Based on TCGA transcriptomic data pertaining to PRAD and the associated clinical metadata, we determined the sample Gleason grade, and used it to execute: (i) Gleason-grade wise linear modeling, followed by five contrasts against controls and ten contrasts between grades; and (ii) Gleason-grade wise network modeling via weighted gene correlation network analysis (WGCNA). Candidate biomarkers were obtained from the above analysis and the consensus found. The consensus biomarkers were used as the feature space to train ML models for classifying a sample as benign, indolent or aggressive.

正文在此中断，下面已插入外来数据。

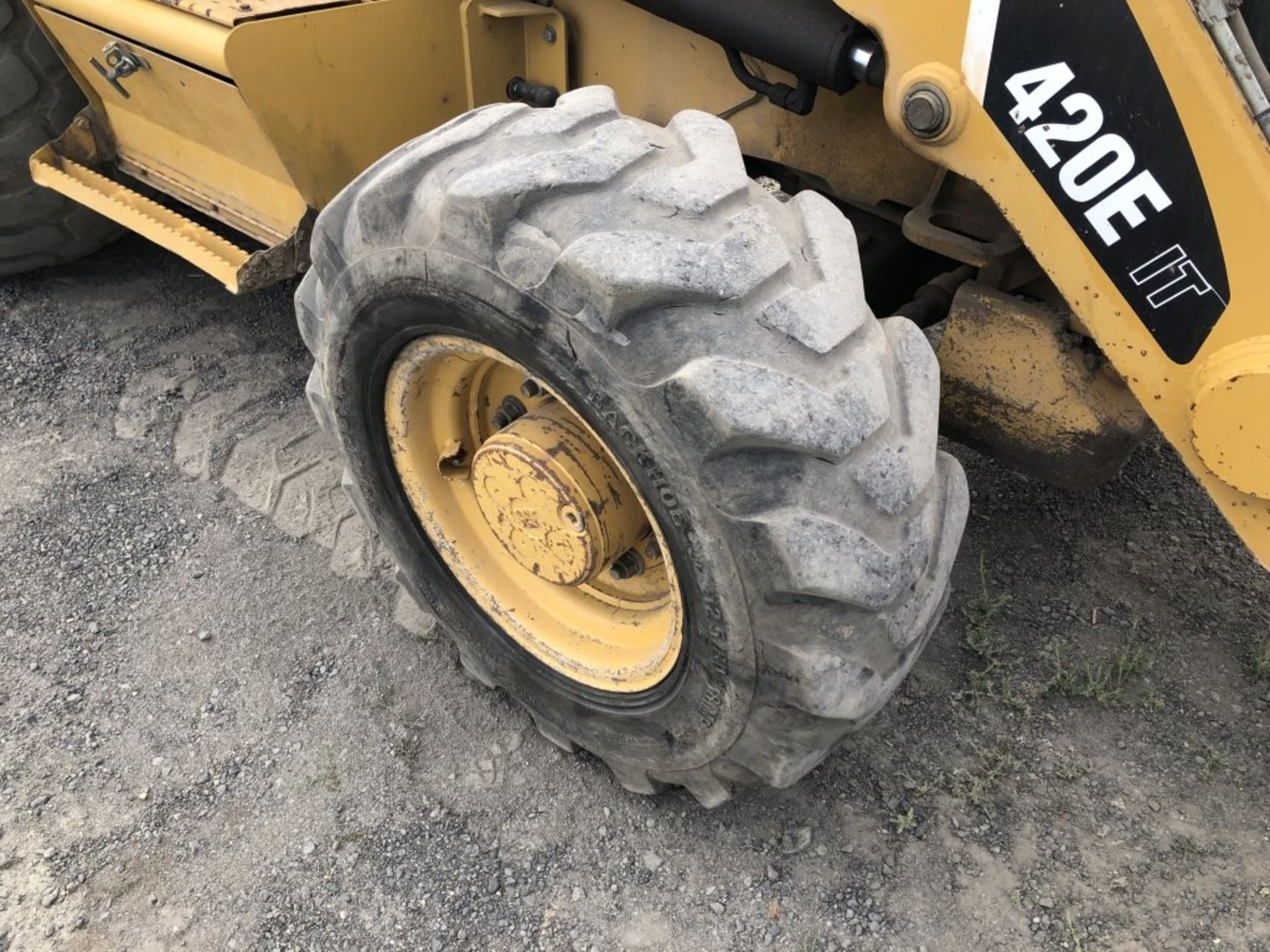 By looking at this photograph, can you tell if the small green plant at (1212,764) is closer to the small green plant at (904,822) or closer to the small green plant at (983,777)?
the small green plant at (983,777)

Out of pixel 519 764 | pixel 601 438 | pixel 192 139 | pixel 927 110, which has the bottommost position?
pixel 519 764

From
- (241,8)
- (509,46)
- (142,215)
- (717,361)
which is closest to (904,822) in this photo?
(717,361)

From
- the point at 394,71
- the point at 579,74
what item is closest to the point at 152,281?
the point at 394,71

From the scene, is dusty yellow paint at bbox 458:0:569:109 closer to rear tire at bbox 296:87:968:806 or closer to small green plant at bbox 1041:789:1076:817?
rear tire at bbox 296:87:968:806

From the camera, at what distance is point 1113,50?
1364 millimetres

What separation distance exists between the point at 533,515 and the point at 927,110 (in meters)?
0.97

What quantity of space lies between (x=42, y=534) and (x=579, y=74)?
1907mm

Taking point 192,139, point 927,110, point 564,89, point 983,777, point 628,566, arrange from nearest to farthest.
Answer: point 927,110
point 628,566
point 983,777
point 564,89
point 192,139

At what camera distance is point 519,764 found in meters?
2.19

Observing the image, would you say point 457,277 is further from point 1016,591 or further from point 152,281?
point 152,281

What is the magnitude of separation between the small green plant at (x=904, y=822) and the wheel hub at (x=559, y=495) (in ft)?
2.67

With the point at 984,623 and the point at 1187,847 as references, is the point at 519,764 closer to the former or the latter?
the point at 984,623

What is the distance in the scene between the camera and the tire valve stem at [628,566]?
1997 millimetres

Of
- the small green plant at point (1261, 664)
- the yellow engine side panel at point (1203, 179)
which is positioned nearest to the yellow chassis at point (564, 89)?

The statistical modeling yielded 77 Gleason grade-salient genes while the WGCNA algorithm yielded 1003 trait-specific key genes in grade-wise significant modules. Consensus analysis of the two approaches identified two genes in Grade-1 (SLC43A1 and PHGR1), 26 genes in Grade-4 (including LOC100128675, PPP1R3C, NECAB1, UBXN10, SERPINA5, CLU, RASL12, DGKG, FHL1, NCAM1, and CEND1), and seven genes in Grade-5 (CBX2, DPYS, FAM72B, SHCBP1, TMEM132A, TPX2, UBE2C). A RandomForest model trained and optimized on these 35 biomarkers for the ternary classification problem yielded a balanced accuracy ∼ 86% on external validation.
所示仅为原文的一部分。